A big name college does not determine your future

Jack Parsons


Illustration by Will Ethridge.

From the outside, my uncle lives the life of someone who had everything lined up for him. He resides comfortably in Aspen, Colorado, where he runs an upscale Italian restaurant, lives in his own apartment, skiis, mountain bikes and can call Lance Armstrong one of his best friends. If it is not already apparent, he has achieved his definition of success, which consists of financial comfortability, mental wellness and personal happiness.

As a Redwood student, you may be under the common impression that my uncle did well in high school, graduated from a “brand” name college and thus was able to reach the level of happiness and success that he considers himself to be at today. In fact, his trajectory was nearly the opposite of that: he got mediocre grades, attended a stereotypical “party” school with an 83 percent acceptance rate and yet still was able to achieve fulfillment.

As it is now May and the school year is drawing to a close, a majority of seniors seemingly have a large step of their life finally laid out before them: where they will be attending college in the coming fall or spring semester. Months of hard work—standardized tests, college counselors, tutors, teacher recommendations—has (hopefully) given them the return that they deserve. And they look exhausted.

Redwood is known to breed a competitive student body where many students attend elite and highly ranked universities and later go on to achieve success post-graduation. While this has fostered a motivating and rigorous school environment that benefits most, it also comes at a cost. Many factors involving school and the overall environment in Marin County have created a well-fed stigma around the Redwood campus: the only way to succeed in life is to start by earning a degree from a recognizable college, such as a UC or an Ivy League school. I’m here to tell you that that is far from the truth.

I didn’t preface this opinion with the story of my uncle to brag, but rather to shed light on the reality of life. Although he may seem like a random person who somehow got lucky by landing a lucrative job without a prestigious college degree, he is one of many Americans who is doing just fine. I am familiar with many more of these kinds of people, especially my father, who claims he achieved success through his people skills and hard work ethic. He attended a small school on California’s coast which also had an acceptance rate of 83 percent.

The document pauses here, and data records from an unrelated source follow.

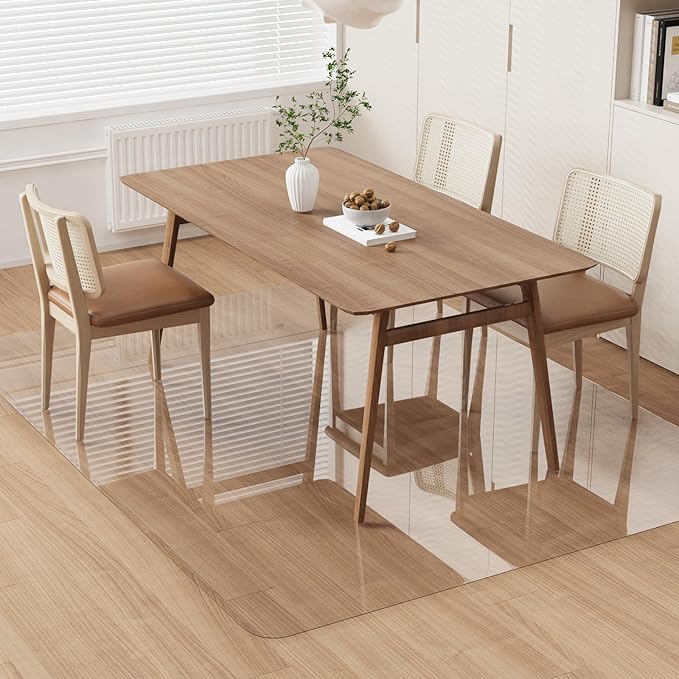 Area Floor Mat for Home, Spill Resistant Hard Floor Protector Cover, Easy Clean by ZPAIAreaFloorProtector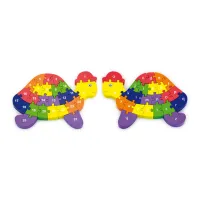 Puzzle 3D din lemn "Broasca țestoasă"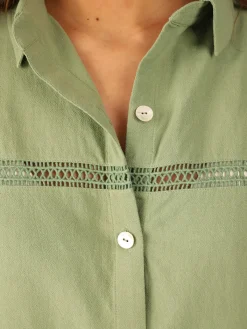 Hot Brunotti Riley Dames Blouse | Eucalyptus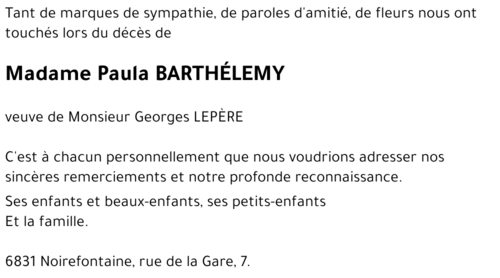 Paula BARTHELEMY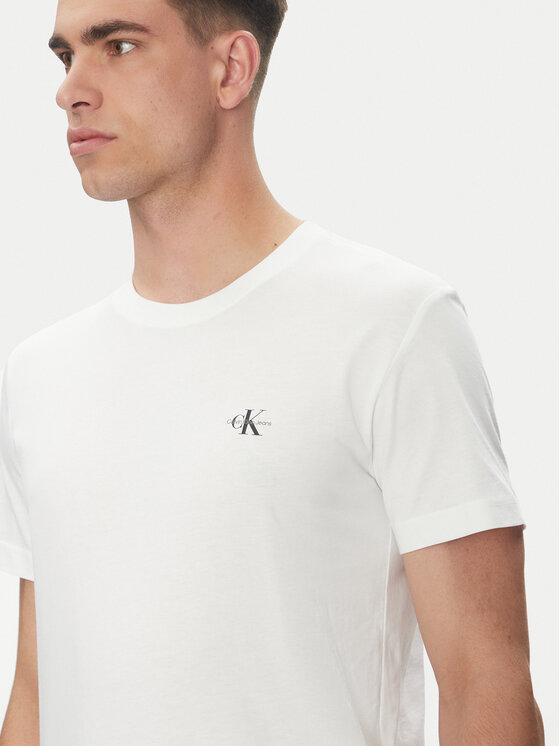 Calvin Klein Jeans Calvin Klein Jeans Komplet t-shirt majic﻿ Monologo J30J320199 Bela Regular Fit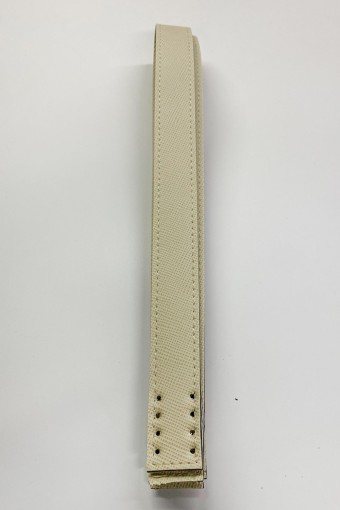 LİKYA HOBİ - Likya Aparatsız Çanta Sapı 3 Cm En Salpalı Deri Düz Çiftli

Although I am not here to argue the definition of success, it definitely comes into play when students choose college. A recent self-reported Bark survey found that 47 percent of students felt that post high school and college success constitutes achieving a sense of contentment in life (regardless of financial status). Many argue that it is hard to be content in life without financial security. However, most Redwood students don’t know what true financial security means. In Marin County, we often live or are constantly exposed to excess: beautiful homes, nice cars, trips to Europe in the summer. For those who have never lived outside of Marin, it would be hard to believe that happiness can be achieved without a six-figure-salary, and rightfully so. It is very hard to scrape by in Marin without that. However, it is important to know that there are so many other places in the United States that don’t require nearly as much wealth to comfortably reside with a house, family and a good attitude towards life.

For the 13 percent that believed that post grad success does require some form of material wealth, attending a prestigious college does not necessarily secure someone with a high paying job and route to success. Across the board, most employers agree that a person’s social skills and knowledge of the field in which they work matter far more than where they got their college degree. According to the Times magazine, “Employers seek people with skills that apply to the particular job—and who have the ability to solve problems and work in a team.” In other words, a degree from MIT and a degree from Sonoma State University could mean the same thing if the skills and personality are fit for the given job.

Opponents of that argument will bring up the statistics that show how Ivy League graduates, on average, earn higher salaries than the graduates of your average state school. While this may be true, their higher salary has more to do with the fact that they are some of the brightest people on earth. They are smarter and more talented than most of us, which is why they were admitted in the first place. Their material success is not necessarily because of where they got their education, but because they are the most skillful and intelligent people in the world.

So for those of you who looked at the map in this paper and felt ashamed that you aren’t going to be attending as “good” of a college as some of your peers are, there is one thing that is essential to remember: regardless of what your definition of success is, or how much you think college matters in the grand scheme of life, there is always a place in society in which you can consider yourself successful. College does not determine that. It’s your personality, dedication to a specific field of work and overall attitude in life that will get you much further in life.